[Dataset items]
--- START ---

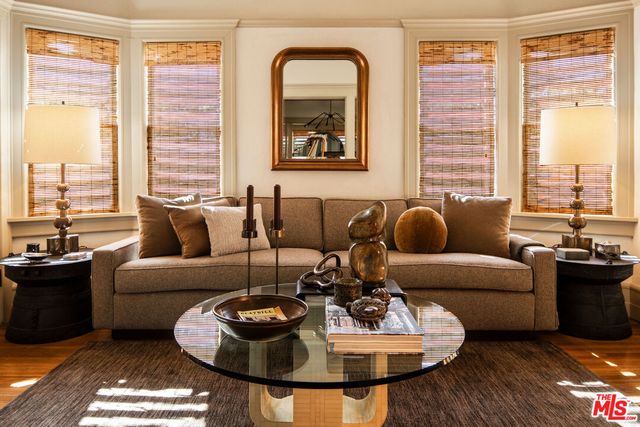 a kitchen with stainless steel appliances granite countertop a refrigerator and a stove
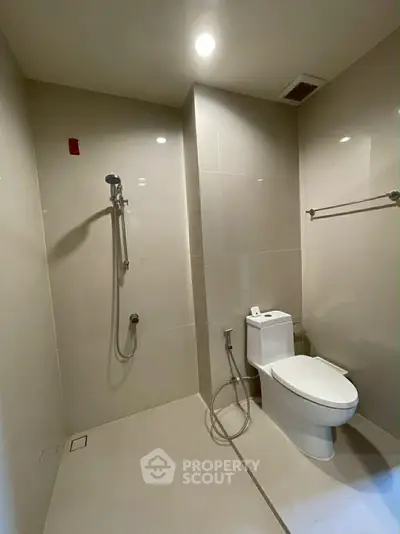 Modern minimalist bathroom with sleek fixtures and neutral tiles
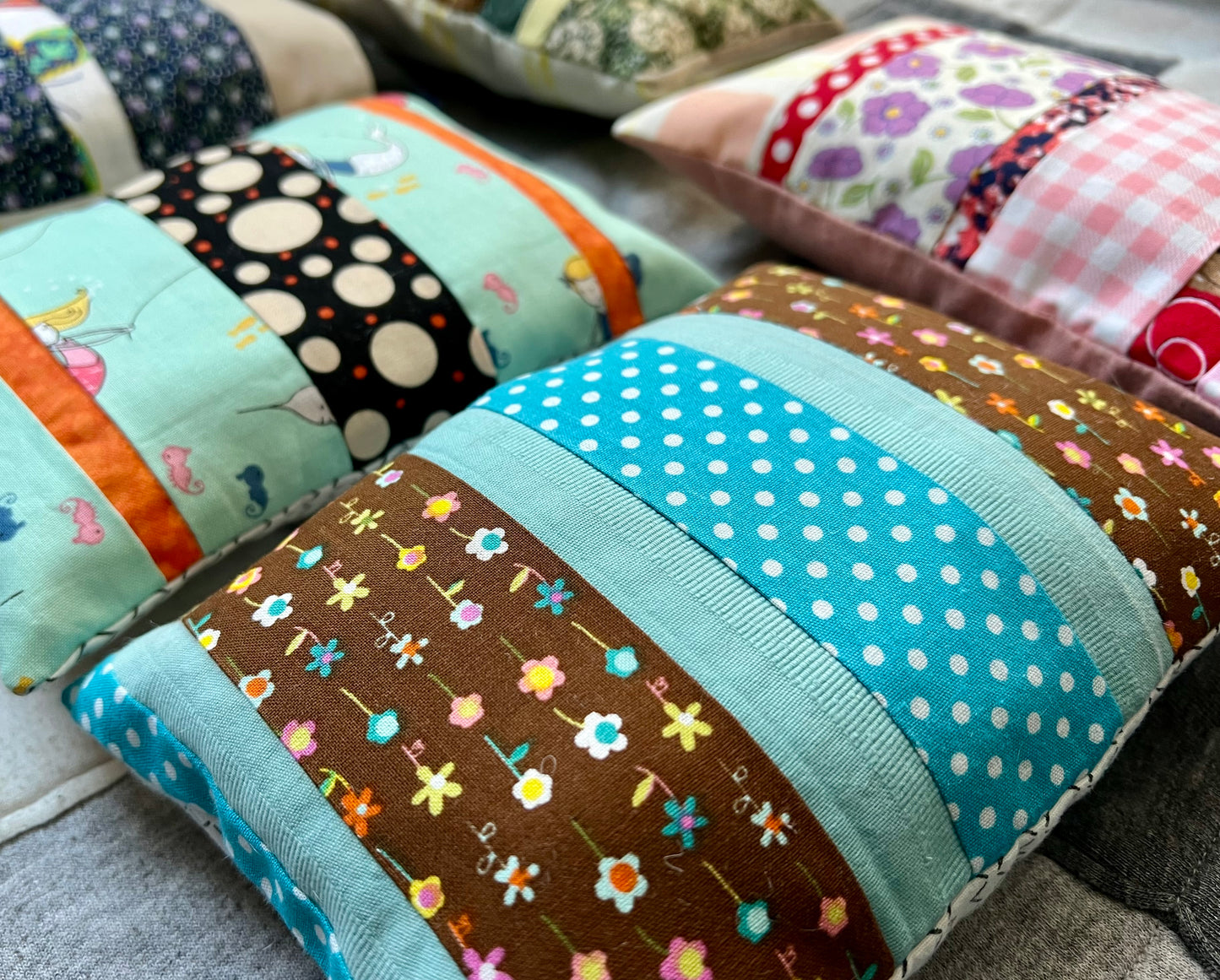 American Girl doll pillow, made from scrappy fabric strips, Side view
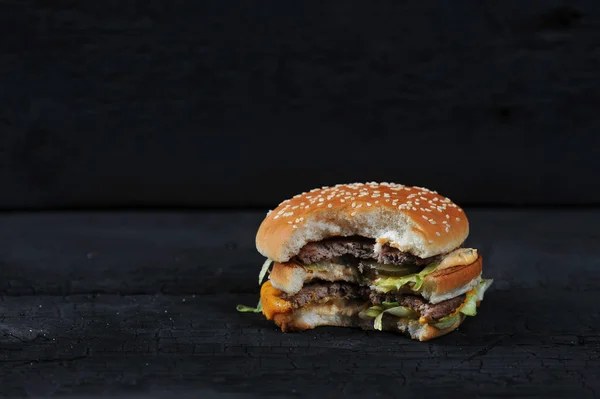 bitten burger on a dark rustic background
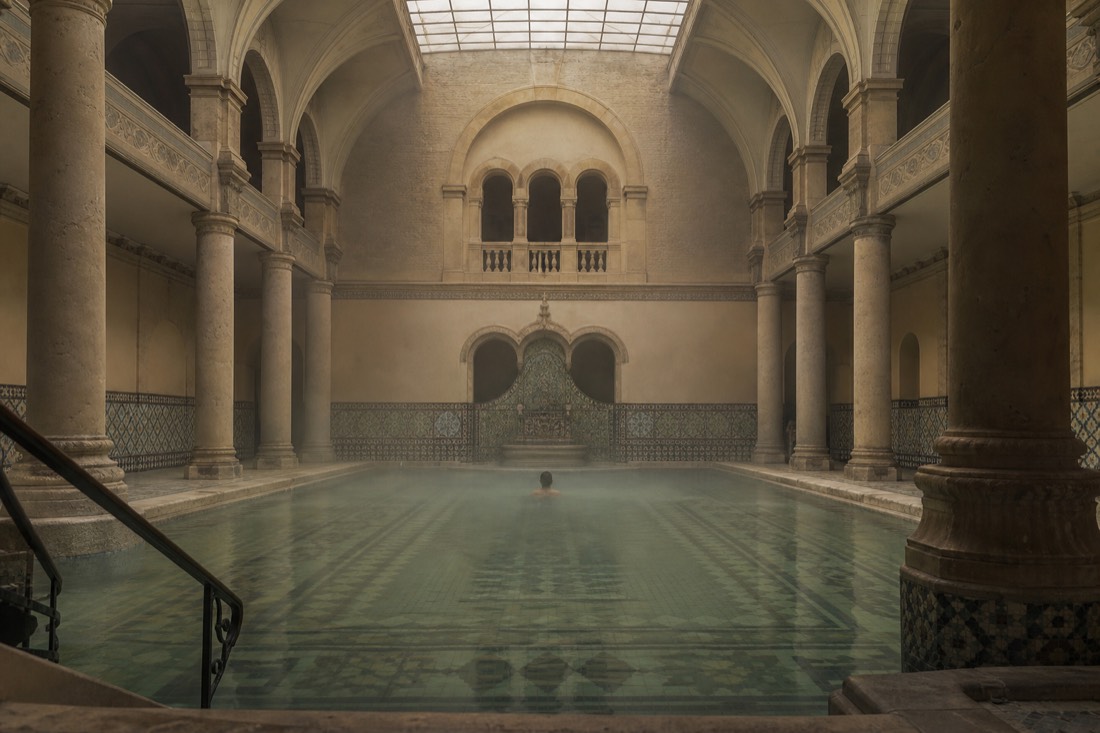 Indoor medicinal pool hall with warm mineral water and stone columns at a historic Budapest bath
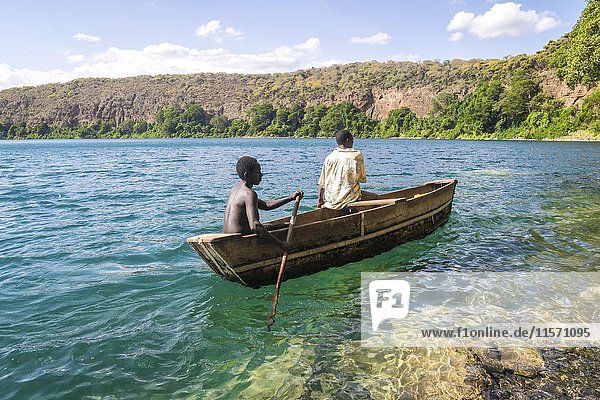 Africans in canoe Chala lake border Kenya and Tanzania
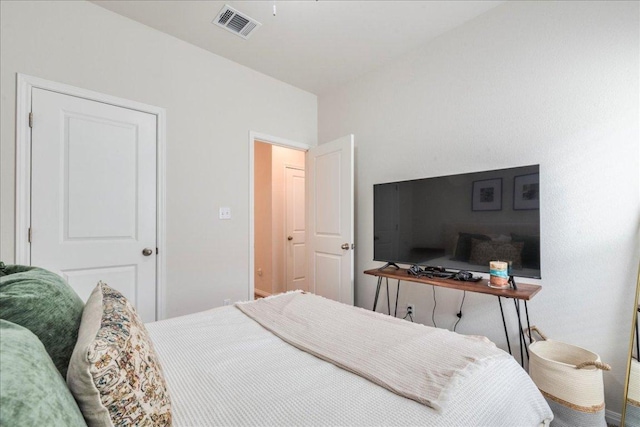 bedroom featuring visible vents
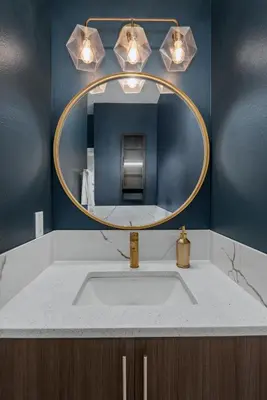 a bathroom with a sink and a mirror at Walkable Rooftop Retreat 2BR, Workspace & BBQ in Denver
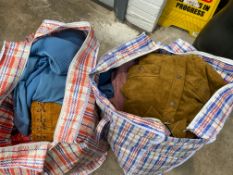 Two large bags of men's and women's assorted pre-owned clothing.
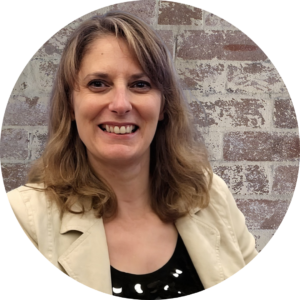 Bookkeeping Services for UK Sole Traders & Small Businesses. Image of Emma (blonde white female) smiling into the camera wearing a black top and cream jack, with a rustic brick wall background.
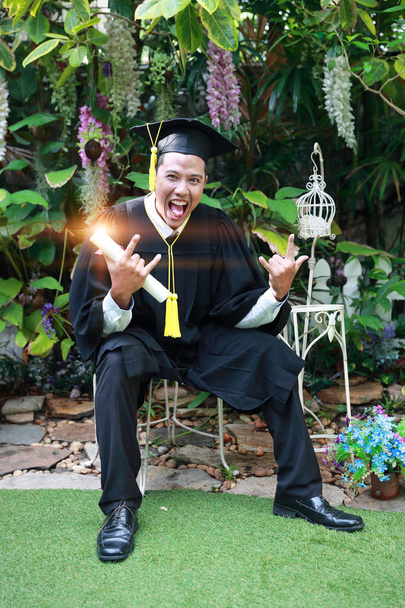 Feliz hombre graduado sosteniendo y mostrando grado, idea para el concepto de educación
 - Foto, Imagen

--- END ---

▶ Task prompt
Please retype every record above exactly, leaving out the pictures.

▶ The completed task
 a kitchen with stainless steel appliances granite countertop a refrigerator and a stove
 Modern minimalist bathroom with sleek fixtures and neutral tiles
 American Girl doll pillow, made from scrappy fabric strips, Side view
 bitten burger on a dark rustic background
 Indoor medicinal pool hall with warm mineral water and stone columns at a historic Budapest bath
 Africans in canoe Chala lake border Kenya and Tanzania
 bedroom featuring visible vents
 a bathroom with a sink and a mirror at Walkable Rooftop Retreat 2BR, Workspace & BBQ in Denver
 Two large bags of men's and women's assorted pre-owned clothing.
 Bookkeeping Services for UK Sole Traders & Small Businesses. Image of Emma (blonde white female) smiling into the camera wearing a black top and cream jack, with a rustic brick wall background.
 Feliz hombre graduado sosteniendo y mostrando grado, idea para el concepto de educación
 - Foto, Imagen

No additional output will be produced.